Why Is It Always the Nazis?

So the wife has been a bit sick lately, and I therefore have been checking out lots of graphic novels from the library for her, because when you are not feeling well, you sometimes need some easily digestible reading. Then what happens but that I start catching the sniffles and the aches myself, so I’ve been hitting the comic books a bit myself these past two days. 

Among the volumes I checked out were the first three library editions of Hellboy, much of which I had already read years ago, but she likes it, and it’s readable enough. These days, though, years into my study of atrocity and collective violence, I find myself unwilling to suspend disbelief on one rather crucial aspect of the storyline. The first few story arcs regularly feature surviving Nazis who are continuing grand plans laid down at the end of World War II, in league with demon priest Rasputin (of course) and a host of other supernatural types who apparently find enough common cause with these swastika-wearing egos to join up for at least the moment and see about summoning a few primordial chaos powers to cause the destruction of humankind. Now, for the sake of the storyline, I’ll give the writer his Nazi conspiracies and his Lovecraftian monsters and his gun-toting demonic good guy, but one issue keeps bothering me throughout the whole series.

Why are demonic forces always teaming up with the Nazis?

Oh, I understand how modern popular culture has refashioned the Nazi into a standard villain set piece, but if you’re an ancient chaos monster, wouldn’t you survey earth history to try to find the best match for you? I mean, you wouldn’t want to be teaming up with short-lived Third Reich types who could barely manage a decade of rule before everything collapsed down upon them. You’d want to team up with a nice, long-lasting empire who managed to keep hold of large parts of the world for a few centuries and commit unparalleled atrocities without ever being called to task for it.

In other words, if you were a tentacled, gibbering bit of Lovecraftian nightmare-stuff bent upon wreaking destruction, you’d probably want to buddy up with Britannia. Just think of what the British have to offer you:

* Colonization and genocide in the Americas. Numerous historians have noted that, while Indian populations in Central and South America, those parts colonized by inquisitorial Spain and Portugal, largely survived, English (and later American) settlers in North America worked hard to exterminate Indians completely. 

* Colonization and genocide in Australia. Yep, British colonists not only helped reduce the aboriginal population to a mere few percent of the continent’s present population, but the massacres on Tasmania were so thorough that no full-blooded Tasmanian survived.

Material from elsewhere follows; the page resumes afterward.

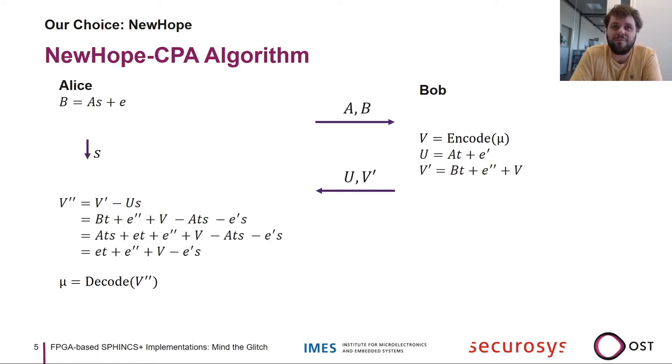Bob sends U and V-prime back to Alice. Alice computes V-prime minus U times her secret S, which gives V-prime-prime. Because the A*T*S terms appear twice with opposite signs they cancel out. The only remaining big polynomial is V, and if the small polynomial products are small enough, Alice can decode the message that Bob sent — which is the shared key for key exchange.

* Colonization and genocide in India. During the late nineteenth and early twentieth centuries, there occurred to multi-year famines in India that may have killed as many as 29 million people. Normally, starvation due to changes in climate and weather would not be considered genocidal, except that the British administrators were shipping grain out of famine-plagued regions to sell on the world market even as people were starving. Moreover, authorities outlawed all forms of charity or assistance, fearing its affect upon the free market. See, the British connected India to the global market, and thus the famine in India had the effect of making grain even more expensive and less affordable to the native population, but plantation owners were making a mint sending the stuff back to England. Scholars like Christopher Powell consider their actions as amounting to genocide.

* Colonization and genocide in Africa. And you’ve got plenty of choice here, from Cecil Rhodes trying out the gatling gun on spear-armed natives to the establishment of literal concentration camps and rape camps in Kenya in the 1960s as that country tried to kick off its colonial yoke. Oh, and some scholars consider the slave trade a genocidal act, so there’s quite a bit of territory to be covered on this continent.

And how much wreckage has been left in the wake of the British Empire? “India” did not exist before they showed up–it was a slew of separate kingdoms and principalities fused into a political whole under England, but then once you have a nation, it’s hard to go back, which makes the question of who inherits the nation when you leave so fraught with meaning and danger. And then you have fighting to determine which group gets the reins of power. Of course, in India, they decided to split the place up, resulting in the biggest population transfer in history, during which a million or so people died. And what about the Middle East? What about the chaos perpetrated there as the English left behind their lines on maps? And I’ve not even touched into the occupation of Ireland, but the Irish Potato Famine was quite like those Indian famines, with food being shipped out even as people were starving.

All I’m saying is this–if popular culture creators want to add a little bit of realism to their stories about demonic hordes and ancient curses, they should have their otherworldly figures striking bargains with the likes of Queen Victoria or the pickled head of Cecil Rhodes than some charlatan Nazis. When it comes to mass murder and the proliferation of squalor and despair, the Nazis were rank amateurs compared to the British.